WHAT TO PRODUCE:
Please restate each line of the material word for word and omit any pictures.

SUPPLIED RECORDS:
◆ ◆ ◆ ◆ ◆ ◆ ◆

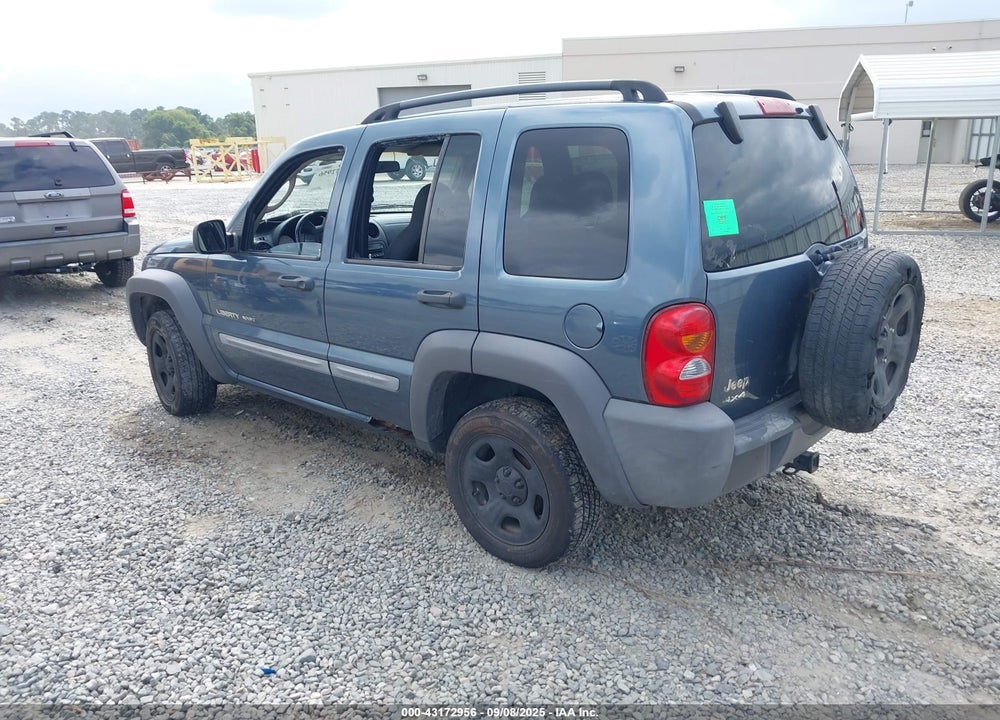 2002 JEEP LIBERTY VIN: 1J4GL48K42W315980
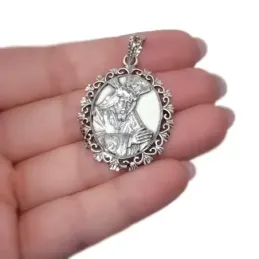 Nuestro Padre Jesús Nazareno Palma del Río Medalla Plata Ley 925m mac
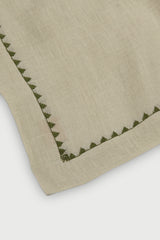 Mirage Pistachio Linen Table Runner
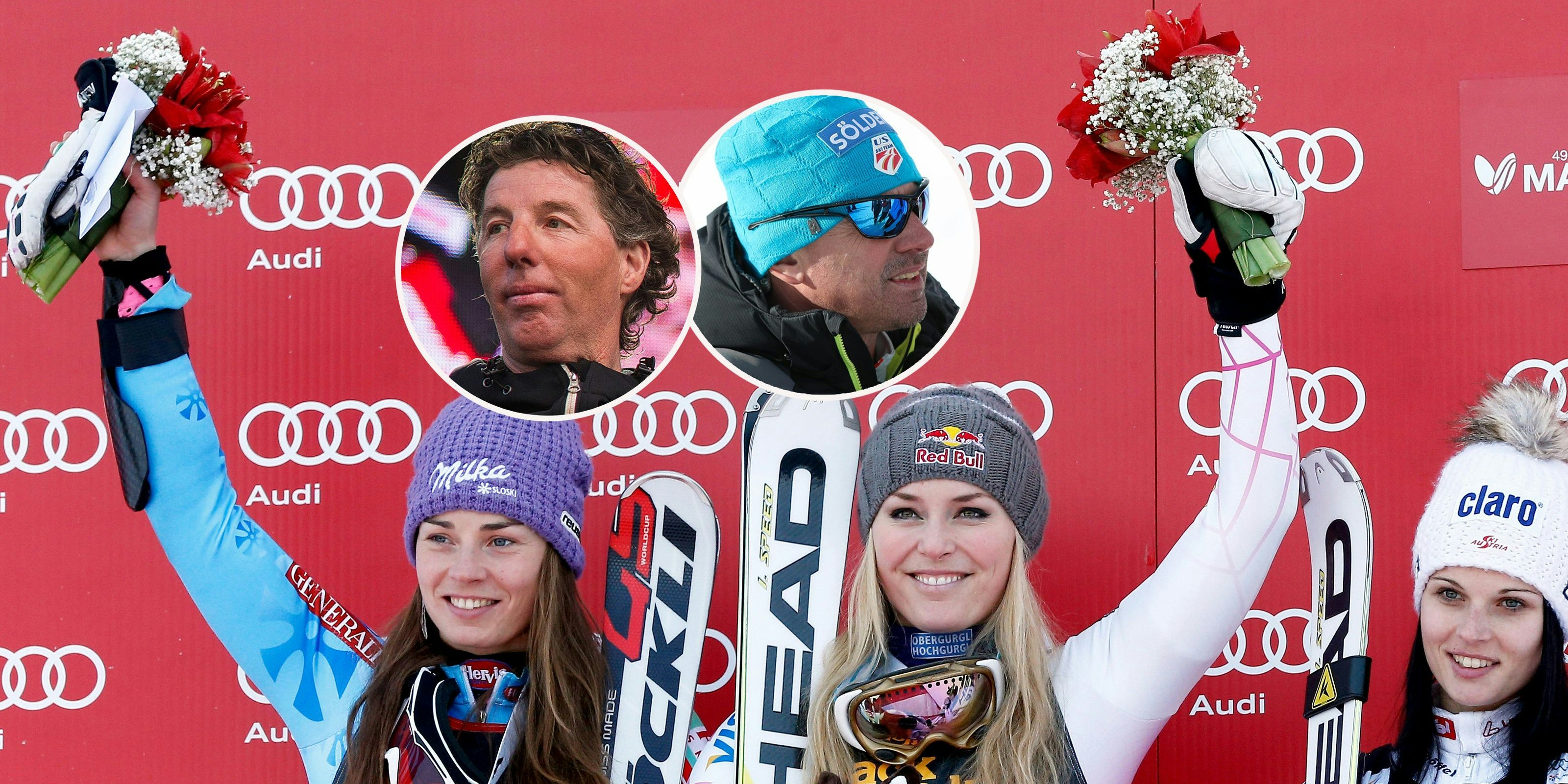 Die einstigen Erfolgstrainer von Maze (l.) und Vonn verstärken den ÖSV.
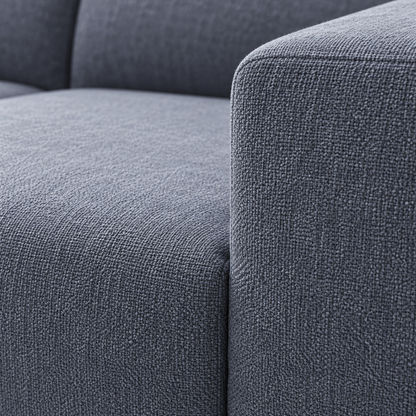 Black Bull Low-Back Cloud Sofa upholstery texture detail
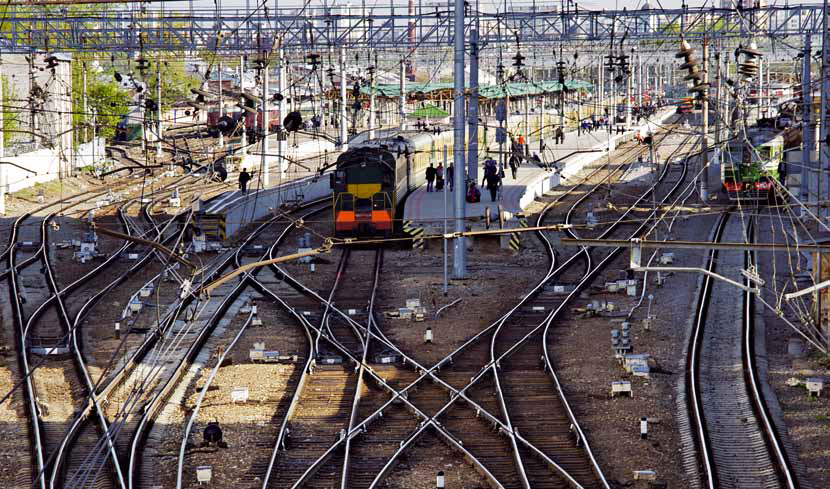 Железнодорожный пейзаж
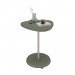 Mesa de Apoio Artely Bel 45cm Triângulo Pé de Metal 100% MDF Menta 004580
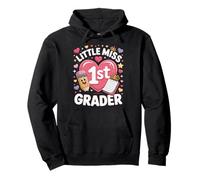 Little Miss 1st Grader Back To School Princess Pullover Hoodie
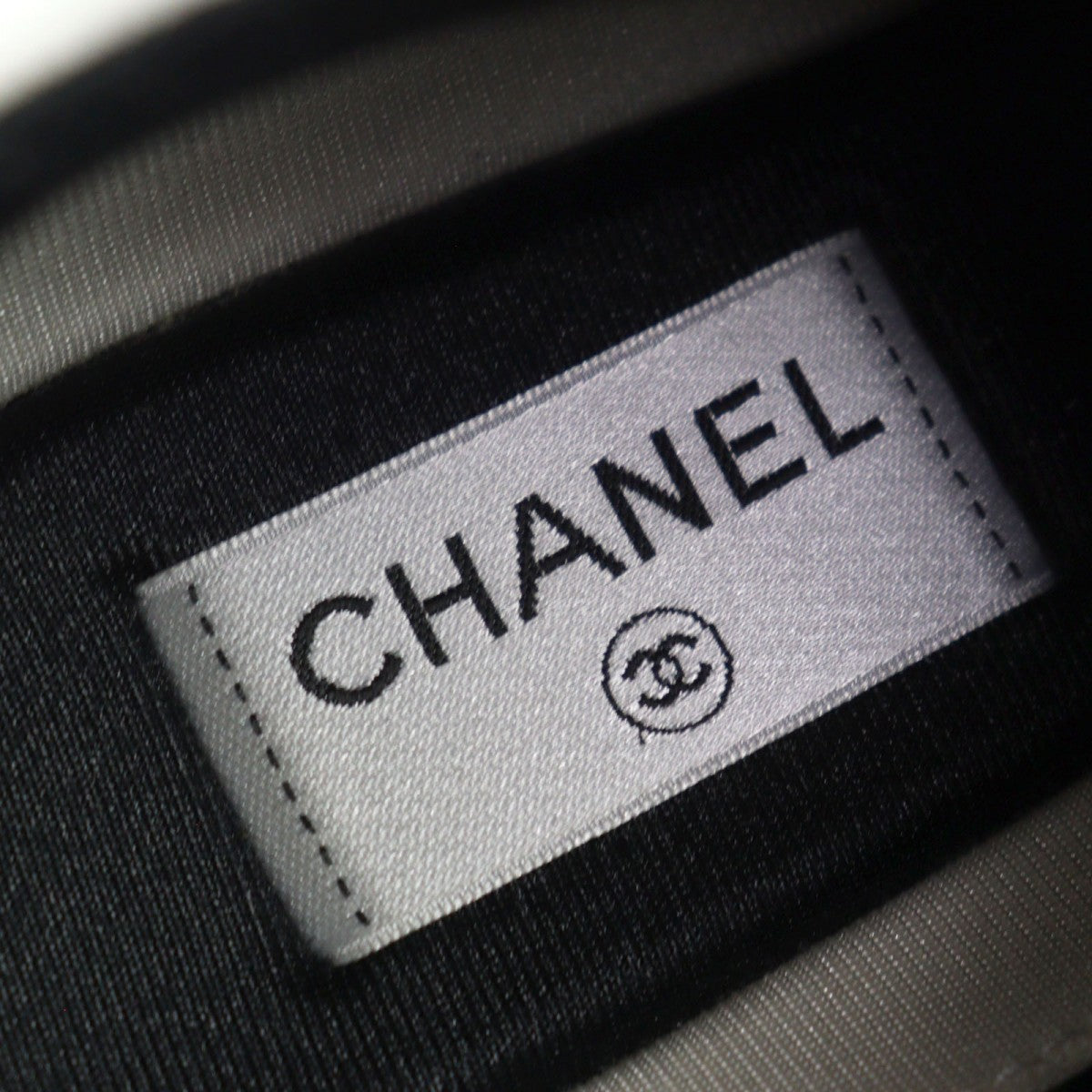 Chanel Sneakers G34087 Leather Black White 41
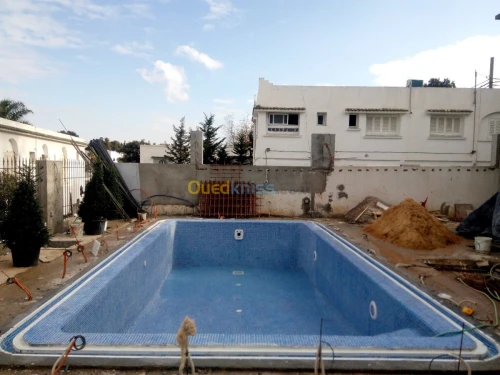 Construction des piscines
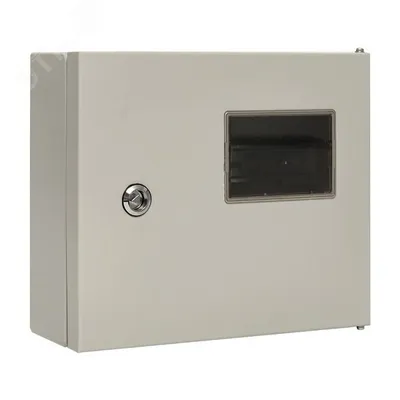 Щит учетный навесной EKF mb54-1E-bas, 12 модулей, IP54, 250×300×100 мм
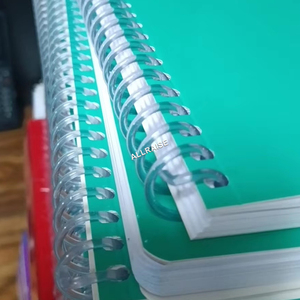 Volledig Automatische Spiraaldraadbindmachine <span class=keywords><strong>Notebook</strong></span> Enkele Spiraalvormige Spiraalbindmachine Kalenderdraad Plastic Spoelproductiemachine - Product Image 6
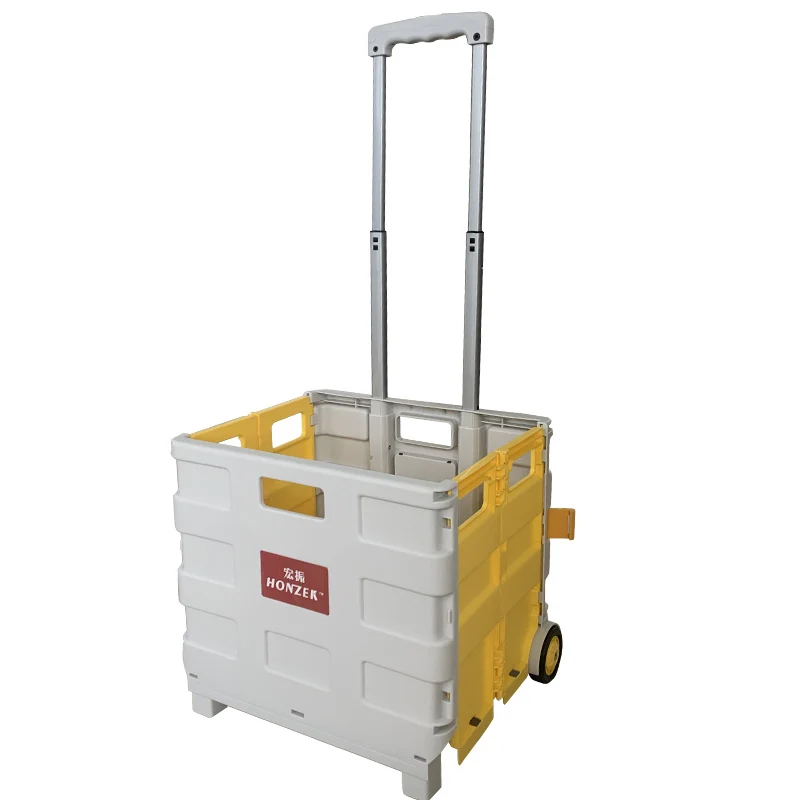 Manufacturer Wholesale  Foldable Shopping trolley carts utility rolling wheels folding supermarket carts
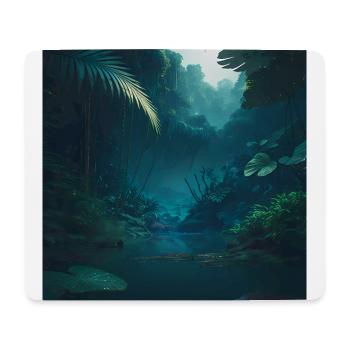 Dschungel - Mousepad (Querformat) - Weiß - Vorne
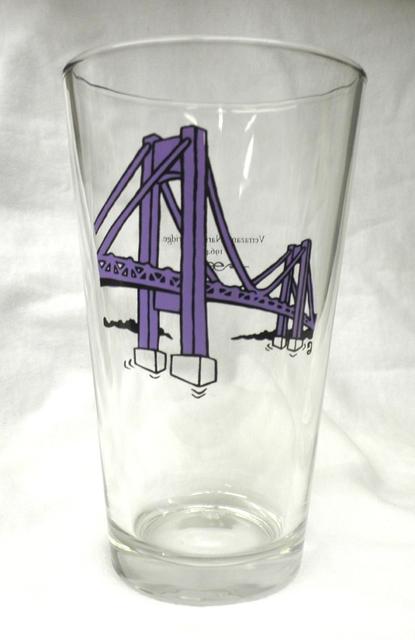 8 New York Bridges Pint Glasses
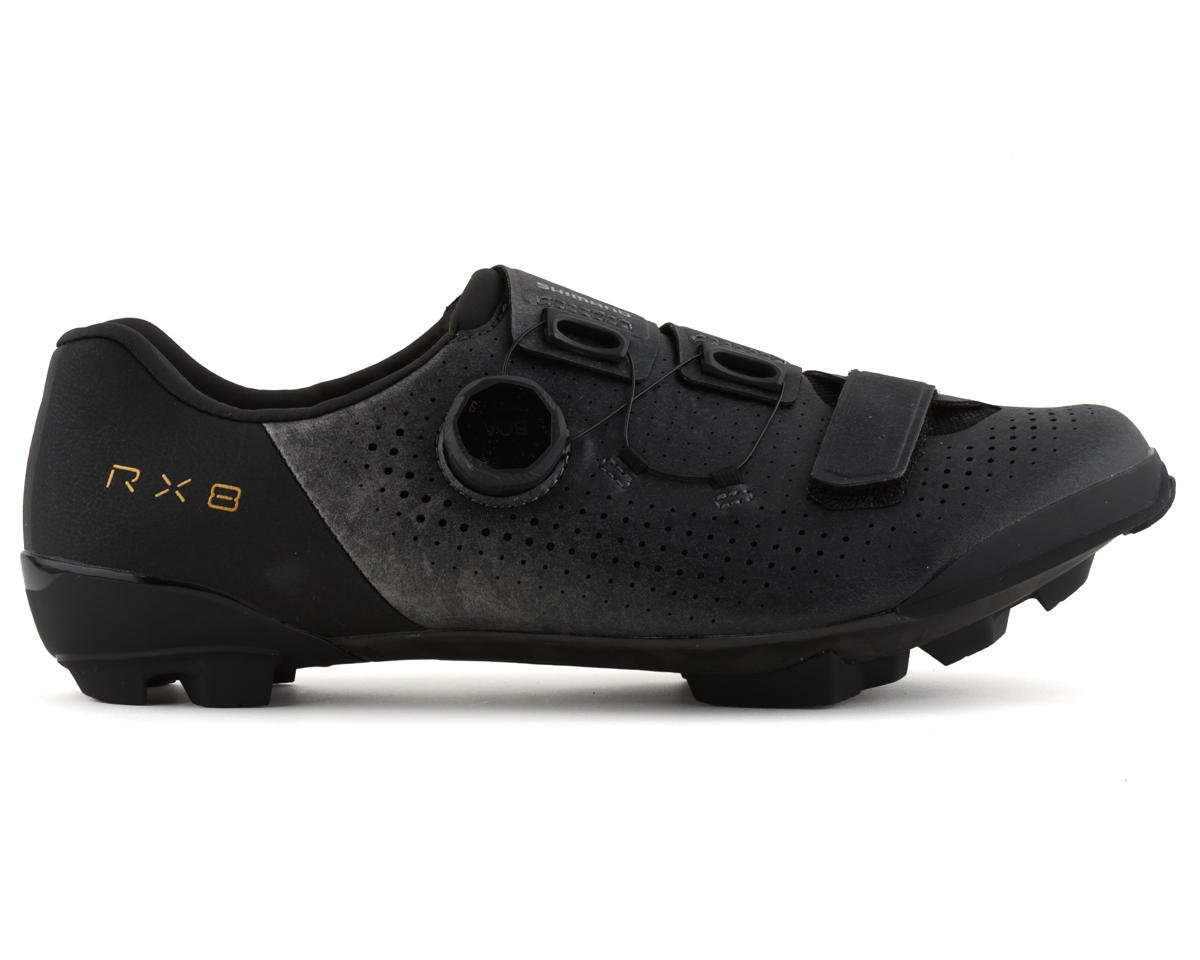 Shimano SH-RX801E Gravel Shoes (Black) (42) (Wide) (Wide Version)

◆ ◆ ◆ ◆ ◆ ◆ ◆

SOLUTION TO THE PROBLEM:
 2002 JEEP LIBERTY VIN: 1J4GL48K42W315980
 Nuestro Padre Jesús Nazareno Palma del Río Medalla Plata Ley 925m mac
 Mirage Pistachio Linen Table Runner
 Die einstigen Erfolgstrainer von Maze (l.) und Vonn verstärken den ÖSV.
 Black Bull Low-Back Cloud Sofa upholstery texture detail
 Железнодорожный пейзаж
 Mesa de Apoio Artely Bel 45cm Triângulo Pé de Metal 100% MDF Menta 004580
 Little Miss 1st Grader Back To School Princess Pullover Hoodie
 Chanel Sneakers G34087 Leather Black White 41
 Construction des piscines
 Щит учетный навесной EKF mb54-1E-bas, 12 модулей, IP54, 250×300×100 мм
 Volledig Automatische Spiraaldraadbindmachine <span class=keywords><strong>Notebook</strong></span> Enkele Spiraalvormige Spiraalbindmachine Kalenderdraad Plastic Spoelproductiemachine - Product Image 6
 Manufacturer Wholesale  Foldable Shopping trolley carts utility rolling wheels folding supermarket carts
 Dschungel - Mousepad (Querformat) - Weiß - Vorne
 8 New York Bridges Pint Glasses
 Shimano SH-RX801E Gravel Shoes (Black) (42) (Wide) (Wide Version)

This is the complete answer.